**Data to process:**
------------------------------
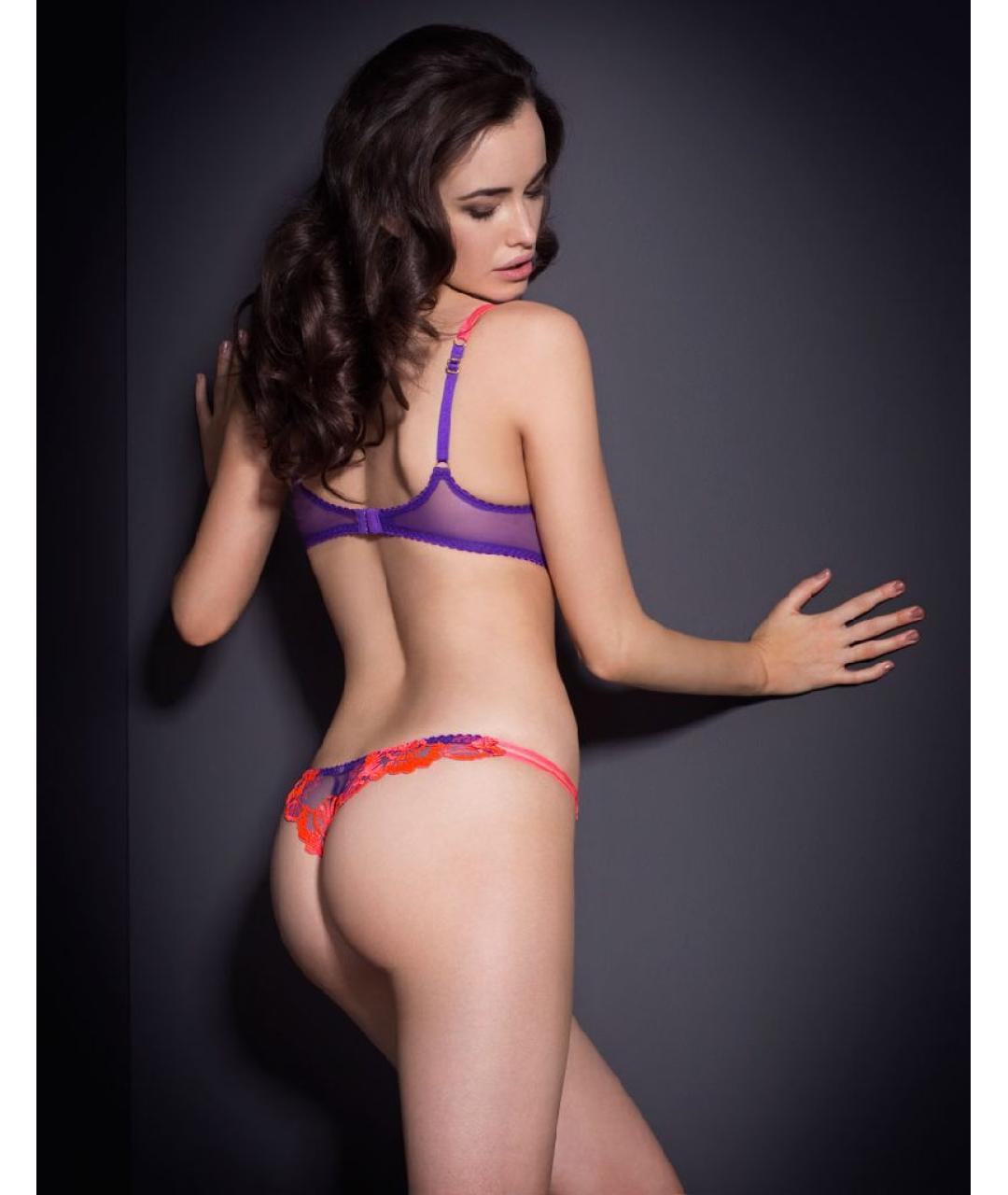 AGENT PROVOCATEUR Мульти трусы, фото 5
------------------------------
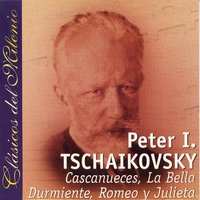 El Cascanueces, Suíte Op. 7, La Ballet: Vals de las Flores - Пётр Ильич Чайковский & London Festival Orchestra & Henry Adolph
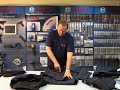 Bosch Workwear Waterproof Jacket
------------------------------
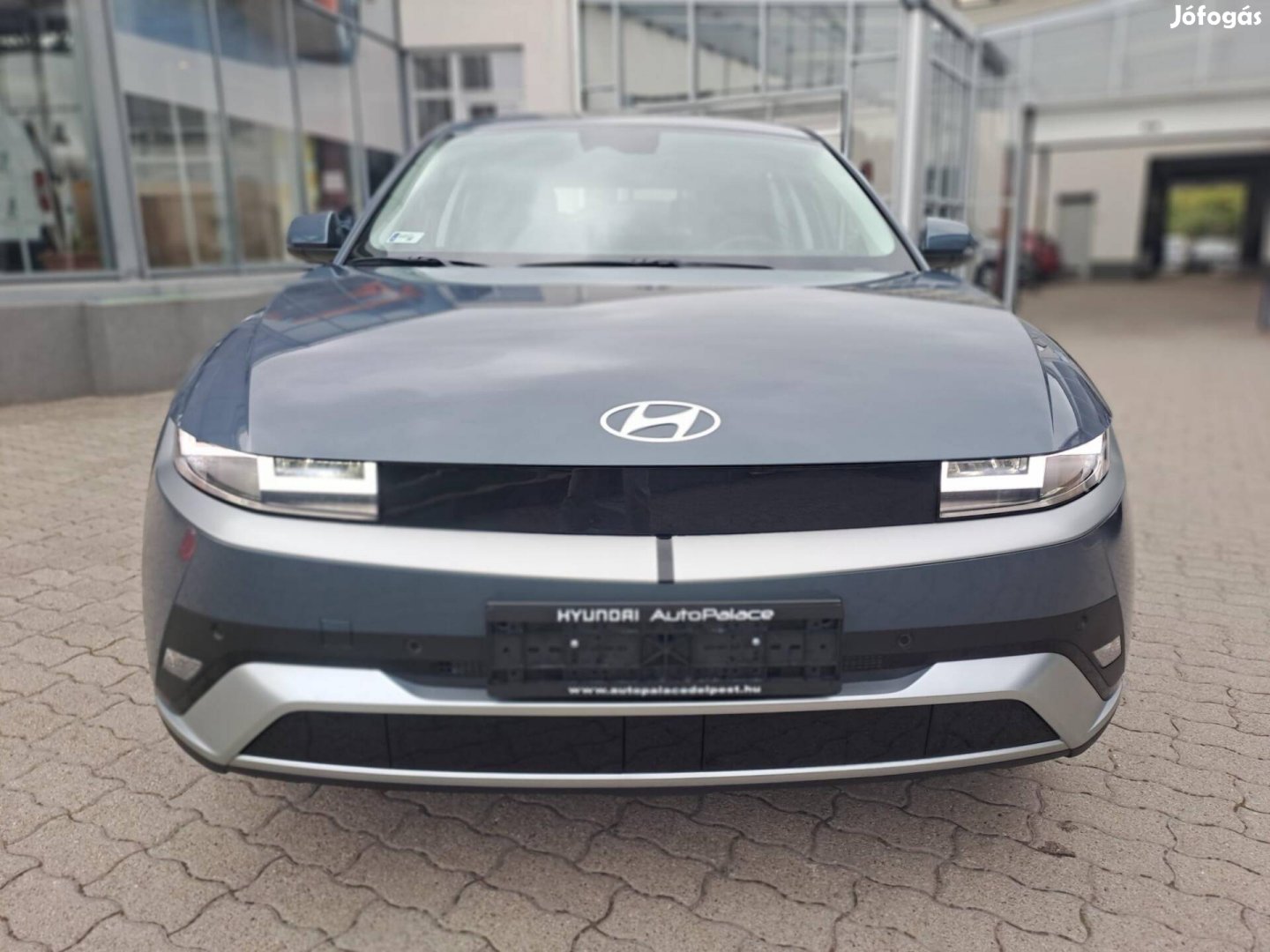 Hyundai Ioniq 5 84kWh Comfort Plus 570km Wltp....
------------------------------
Please return the material above only from the line that holds "El Cascanueces, Suíte" through the line that holds "Bosch Workwear Waterproof Jacket", exactly as it stands, ends included and pictures omitted.

 El Cascanueces, Suíte Op. 7, La Ballet: Vals de las Flores - Пётр Ильич Чайковский & London Festival Orchestra & Henry Adolph
 Bosch Workwear Waterproof Jacket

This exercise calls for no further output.